2. sulla base dei medesimi argomenti, la ricorrente formula il secondo motivo, censurando la sentenza impugnata per omessa motivazione circa un fatto controverso e decisivo per il giudizio ex art. 360 c.p.c., comma 1, n. 5;

ribadisce che la Corte d’appello avrebbe erroneamente considerato che la natura dell’incarico degli insegnanti supplenti di religione consentisse di riconoscere agli stessi il medesimo trattamento giuridico ed economico dei docenti di ruolo;

3. i motivi, che vanno esaminati congiuntamente in quanto intrinsecamente connessi, sono infondati;

4. la questione proposta è stata già decisa da questa Corte con riferimento a fattispecie del tutto sovrapponibili, in cui si è affermato che: “Il principio della necessaria annualità dell’incarico di insegnamento della religione cattolica è previsto, conformemente alle intese intervenute tra lo Stato italiano e la Santa Sede, dal D.Lgs. n. 297 del 1994, art. 309, comma 2, e ribadito dall’art. 47, comma 6, del c.c.n.l. comparto scuola del 4 agosto 1995, sicchè, pur in assenza di eguale previsione nel c.c.n.l. comparto Regioni-Autonomie locali del 6 luglio 1995, va esclusa la possibilità per un Comune (nella specie, Roma Capitale) di assicurare l’insegnamento religioso nelle scuole dell’infanzia mediante contratti a termine di durata inferiore all’anno, ai sensi dell’art. 16, comma 2, c.c.n.l. 6 luglio 1995” (v. Cass. 13 febbraio 2019, n. 4229; Cass. 4 luglio 2018, n. 17509; Cass. 21 gennaio 2016; Cass. 11 gennaio 2016, n. 201);

all’orientamento sopra citato va data continuità, poichè le ragioni indicate a fondamento dell’affermato principio, da intendersi qui richiamate ex art. 118 disp. att. c.p.c., sono integralmente condivise dal Collegio;

correttamente, pertanto, la Corte territoriale ha riconosciuto il diritto delle odierne controricorrenti ad essere retribuite per tutta la durata dell’incarico annuale ed a percepire il medesimo trattamento economico riservato ai docenti a tempo indeterminato assegnati alla scuola dell’infanzia;

5. in conclusione il ricorso deve essere rigettato con condanna della parte ricorrente al pagamento delle spese del grado, liquidate come da dispositivo;

ai sensi del D.P.R. n. 115 del 2002, art. 13, comma 1 quater, nel testo risultante dalla L. 24.12.12 n. 228, ricorrono le condizioni previste dalla legge per il raddoppio del contributo unificato.

P.Q.M.

La Corte rigetta il ricorso. Condanna la ricorrente al pagamento, in favore delle controricorrenti, delle spese del presente giudizio di legittimità che liquida in Euro 200,00 per esborsi ed Euro 6.000,00 per compensi professionali, oltre accessori di legge e rimborso forfetario in misura del 15%, da corrispondersi all’avv. Raffaella De Carmelis, antistatario.
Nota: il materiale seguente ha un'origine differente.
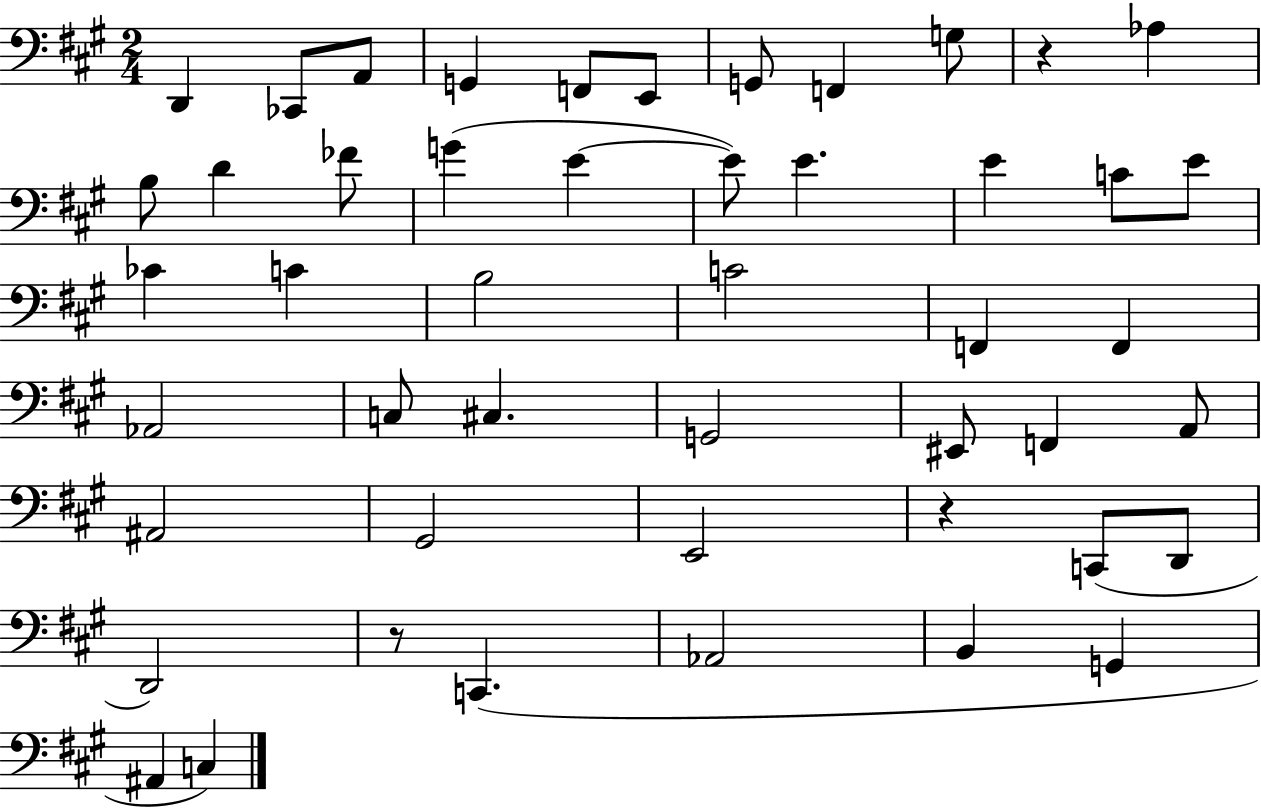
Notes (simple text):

D2/q CES2/e A2/e G2/q F2/e E2/e G2/e F2/q G3/e R/q Ab3/q B3/e D4/q FES4/e G4/q E4/q E4/e E4/q. E4/q C4/e E4/e CES4/q C4/q B3/h C4/h F2/q F2/q Ab2/h C3/e C#3/q. G2/h EIS2/e F2/q A2/e A#2/h G#2/h E2/h R/q C2/e D2/e D2/h R/e C2/q. Ab2/h B2/q G2/q A#2/q C3/q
Ai sensi del D.P.R. n. 115 del 2002, art. 13, comma 1 quater dà atto della sussistenza dei presupposti processuali per il versamento, da parte della ricorrente, dell’ulteriore importo a titolo di contributo unificato pari a quello prescritto per il ricorso, a norma del cit. art. 13, comma 1-bis, se dovuto.

Così deciso in Roma, nell’Adunanza Camerale, il 19 settembre 2019.